Пуришкевич повиновался.
— Мы сделали великое дело, Феликс, — произнёс он тихо, Юсупов, улыбнувшись, согласно кивнул, подивился тому, что Пуришкевич сейчас
не только слово в слово — буква в букву озвучил то, о чём думал Юсупов. — Мы сделали великое дело, — заведённо повторил Пуришкевич, — для всех нас великое... Для России.— И для государя — тоже, — добавил Юсупов, — не то он совсем запутался бы в паутине этого человека. Мне часто бывает больно за Николая Александровича.
— И мне, — сказал Пуришкевич. — Выпьем.
Они выпили. В дальнем углу дворца вновь прозвучал надрывный, рождающий в душе страх и холод стон. Пуришкевич, передёрнув плечами, выругался.
— Что, думаете, это он стонет? — спросил Юсупов.
— Чёрт его знает. В голову лезет всякое, и это тоже, — пожаловался Пуришкевич.
— Это не он, — проговорил Юсупов, и Пуришкевич неожиданно засёк неверные, сомневающиеся нотки в его голосе, повернулся к Юсупову.
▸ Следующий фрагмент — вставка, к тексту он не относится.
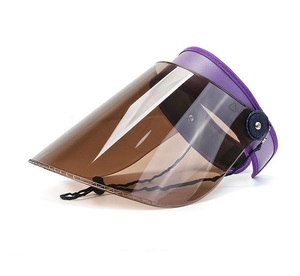 Chapeau à visière transparent personnalisé casquette de baseball à bord coloré respirant prévenir les éclaboussures de salive chapeau de soleil - Product Image 2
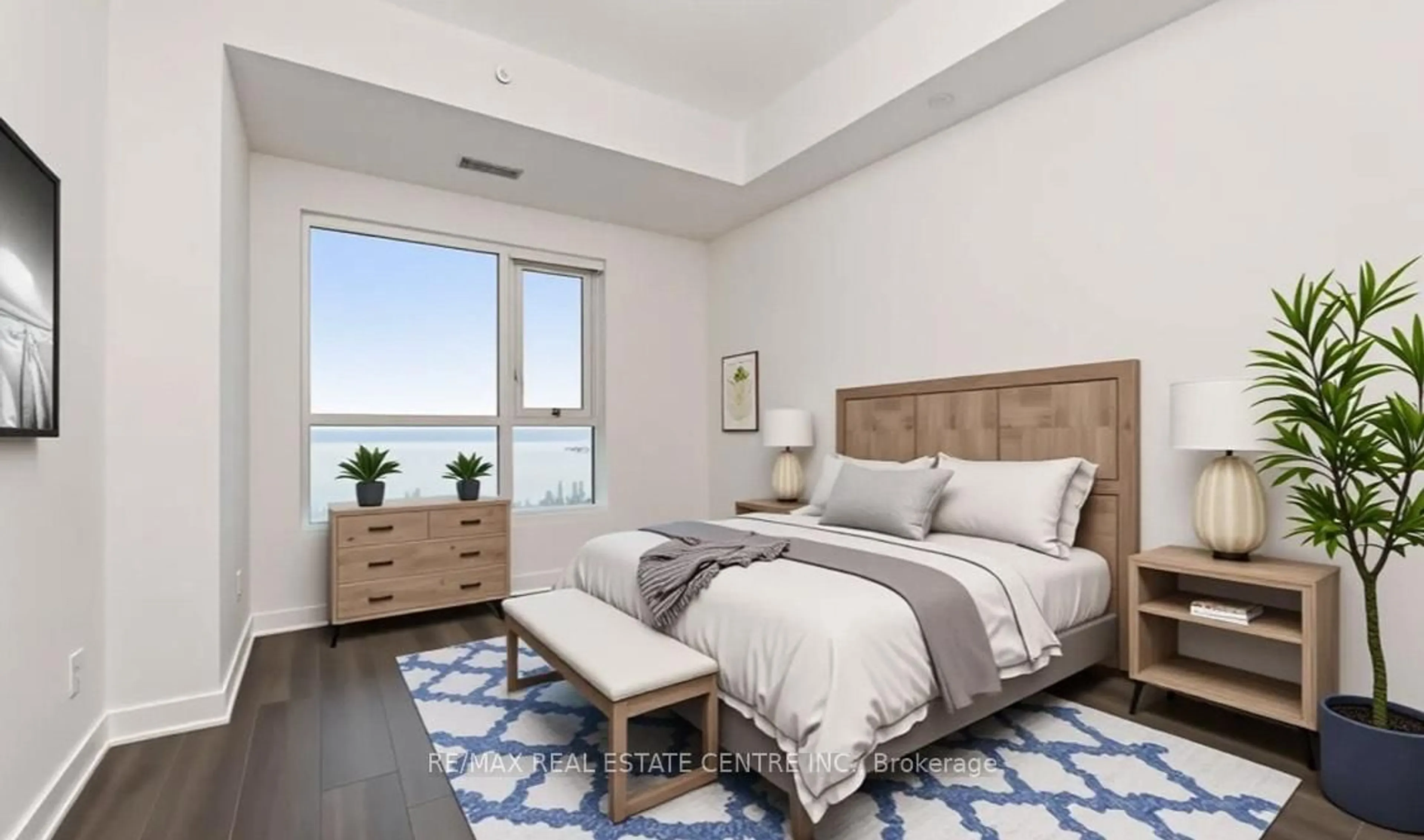 Bedroom with bed, unknown for 56 Lakeside Terr #805, Barrie Ontario L4M 0L4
Лицо у князя было усталым, бледным, в подглазьях сгустилась синева. Пуришкевич подумал, что Юсупов, похоже, не верит, что Распутин убит, сомневается до сих пор, хотя и утверждает, что того нет в живых. Вот наваждение! Лазоверт, врач, подтвердил, что Распутин убит, а врачи в таких случаях не ошибаются. — Он мёртв, — сказал Юсупов.
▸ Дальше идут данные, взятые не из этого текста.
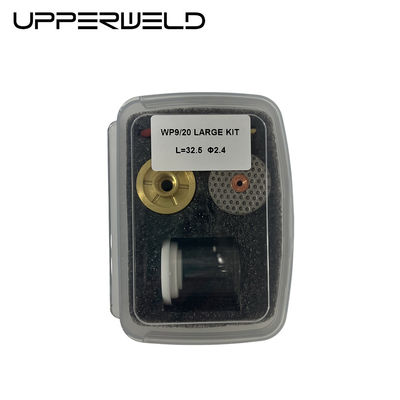 WP-9/20 TIG accessoires de soudage Kit de buse de quartz Torche pièces détachées grandes tasses en verre Kit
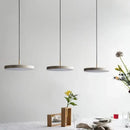 GobekUsa LED Study Disc Pendant Light for Bedroom Living Room Office Decor
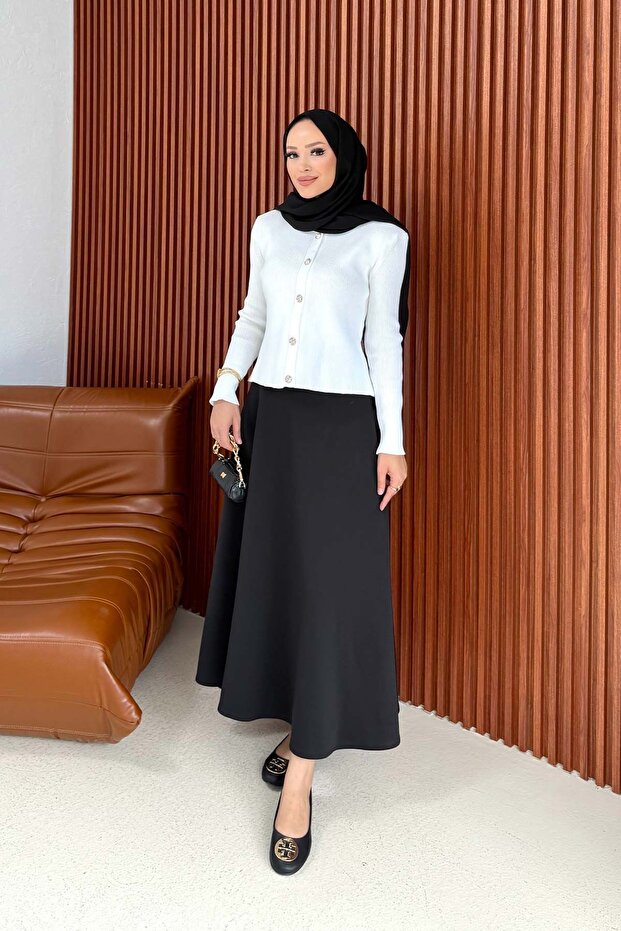 Mersery Cardigan Ecru 7027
По небережной Мойки проехал автомобиль, звук мотора был резким, будто в выхлопную трубу машины забили винтовочный ствол, плюющийся боевыми патронами. Юсупов с надеждой, отчётливо проступившей у него в глазах, покосился на окно.
— Нашим ещё рано, — сказал Пуришкевич, — они приедут примерно через полчаса.
Время тянулось очень долго, томительно. Было холодно, коньяк перестал согревать, виски стискивала глухая боль, оба они ощущали себя уставшими. Тяжёлая портьера, прикрывавшая окно, шевельнулась — там словно бы кто-то стоял и теперь, не выдержав напряжения, неподвижности, переменил ногу, расслабился. Пуришкевич засек движение портьеры, сузил глаза:
— Кто это?
— Форточка открылась. Ветер, — пояснил Юсупов.
Едва он произнёс слово «ветер», как по кабинету что-то пронеслось, сорвало со стола несколько бумаг и швырнуло на пол, — то ли действительно это был ветер, то ли с людьми игралась нечистая сила. В дальнем конце дворца опять раздался стон. Пуришкевич подумал, что жить в таком дворце не очень-то уютно, тут и духи водятся, и домовые, и разные подпотолочники, зашкафники, запортьерники, подпорожники и так далее — нечистой силы на Руси всегда водилось много, а в последнее время она вообще распространилась очень широко.
Неожиданно оба ощутили тревогу, это была не та лёгкая, щекочущая душу тревога, которую рождает домашняя безобидная нечисть, а тяжёлая, наполняющая сердце страхом, от которого внутри всё холодеет, а руки и ноги отказываются повиноваться. Это была совсем иная тревога. Пуришкевич машинально потянулся к своему «соважу», лежащему на письменном столе около серебряной чернильницы, глянул в ствол и положил себе в карман.
Юсупов настороженно вытянул голову, тени под глазами у него сделались совсем синими, губы дрогнули, кончики их обиженно, как у ребёнка, поползли вниз, лицо побледнело!